A Ogigami no le interesa describir bajo ningún concepto detalles íntimos y personales de sus protagonistas. Desconocemos quiénes son, qué motivaciones profundas los mueven o las relaciones que mantienen entre sí. Y francamente no es sustancial. Ni aferrarse a la especificación exhaustiva de perfiles psicológicos, ni aportar datos relevantes sobre sus vicisitudes. Aún menos explicar la repentina aparición de un joven que se dirige a Taeko como "profesora". Al abandonar dichas pretensiones y adoptar una postura neutra, que ni juzga ni pormenoriza, la directora sólo se provee de pequeños gestos y ademanes para caracterizar el estado anímico de sus creaciones. A nosotros no nos queda otro camino que dejarnos hipnotizar lentamente por el encanto de este espacio cuyo embrujo acaba por hechizar a Taeko, que poco a poco se libera de la incomodidad que la aprisionaba los primeros días.
Como en el caso de la deliciosa "Kamome Diner", "Megane" es una obra bienintencionada, proclive a provocar sonrisas en una época incierta.
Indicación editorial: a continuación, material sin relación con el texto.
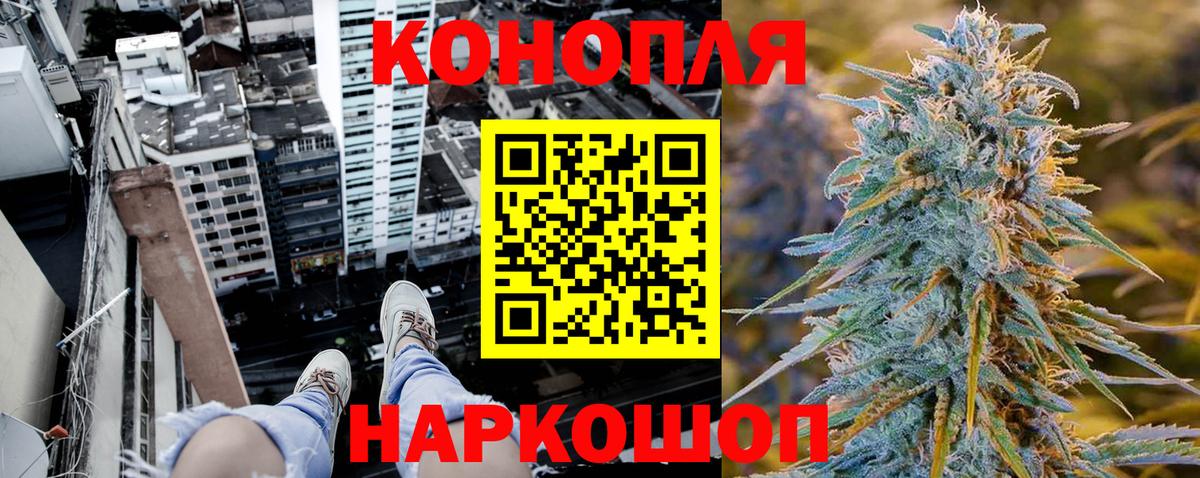 Бошки марихуана THC 21%  Шишки марихуана LSD WEED  МАРИХУАНА THC 21%  Вход с VPN  Кинель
Aun con sus pizcas de melancolía y levedad, el humor y la ironía que desprende la película hacen de su visionado una experiencia gratificante, propiamente medicinal, pasajera pero no trivial, ligera pero valiosa. Y del mismo modo que en "Barber Yoshino" la aparición de un muchacho cambiaba la estandarizada existencia de los jóvenes de una tranquila localidad rural, los personajes que pueblan el metraje sucumben a una metamorfosis cuya primera consecuencia no podría ser más esperanzadora: debemos vivir más plenamente. Por eso, como sabiamente recomienda Haruka, "lo importante es no precipitarse".